To overcome that impasse Zaev struck a tough deal with Athens in 2018 to add the geographical qualifier ‘North’ in order to distinguish it from the Greek province of Macedonia.
But new hurdles keep cropping up, from initial objections among EU members like France to the latest row with Bulgaria, again over history and heritage.
“We showed how much we believe in the European values,” Zaev said, referencing the painful compromise of the name change.
“And now, when Europe was supposed to show its European values –- they were not there.”
Bulgaria, which joined the EU in 2007, was the first country to recognise North Macedonia after it declared independence from a crumbling Yugoslavia in 1991, one reason why Zaev described them as “our biggest friend”.
But the neighbours’ entangled histories are now the source of conflict as Sofia argues that the Macedonian identity is an artificial construct, essentially claiming the people and the language are historically Bulgarian.
Much of the disagreement stems from the fact that this region was for centuries under Ottoman rule, with nation states emerging and often changing borders through the wars of the 20th century.
Bulgaria accused North Macedonia of stealing its history and is especially irked over the lack of progress from a joint commission that has been trying to agree on a common narrative for textbooks.

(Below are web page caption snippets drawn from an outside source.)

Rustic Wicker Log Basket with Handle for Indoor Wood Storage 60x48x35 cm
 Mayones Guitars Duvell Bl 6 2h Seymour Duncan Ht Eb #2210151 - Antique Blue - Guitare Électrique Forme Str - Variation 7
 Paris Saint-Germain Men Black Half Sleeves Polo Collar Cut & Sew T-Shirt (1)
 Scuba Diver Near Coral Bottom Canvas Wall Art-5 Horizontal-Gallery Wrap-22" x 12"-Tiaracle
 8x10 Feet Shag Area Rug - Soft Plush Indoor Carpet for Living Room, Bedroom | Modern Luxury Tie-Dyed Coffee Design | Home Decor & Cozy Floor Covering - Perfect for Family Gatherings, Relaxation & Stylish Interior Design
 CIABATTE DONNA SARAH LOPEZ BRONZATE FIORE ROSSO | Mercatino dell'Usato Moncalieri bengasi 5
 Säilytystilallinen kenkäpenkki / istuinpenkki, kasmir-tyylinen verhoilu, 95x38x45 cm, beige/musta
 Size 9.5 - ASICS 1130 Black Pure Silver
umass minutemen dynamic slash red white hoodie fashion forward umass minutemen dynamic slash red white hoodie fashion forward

Zaev said he believed such matters should be primarily work “for historians”, but that it was important to also highlight the agreements the commission has come to in some areas.
“Great anger has been created on both sides, between brotherly people that live on two sides of the border,” he told AFP.
But he insisted that he still believed a breakthrough was possible.
“I believe a lot in the European values, maybe a lot more than some individuals in the EU,” Zaev said.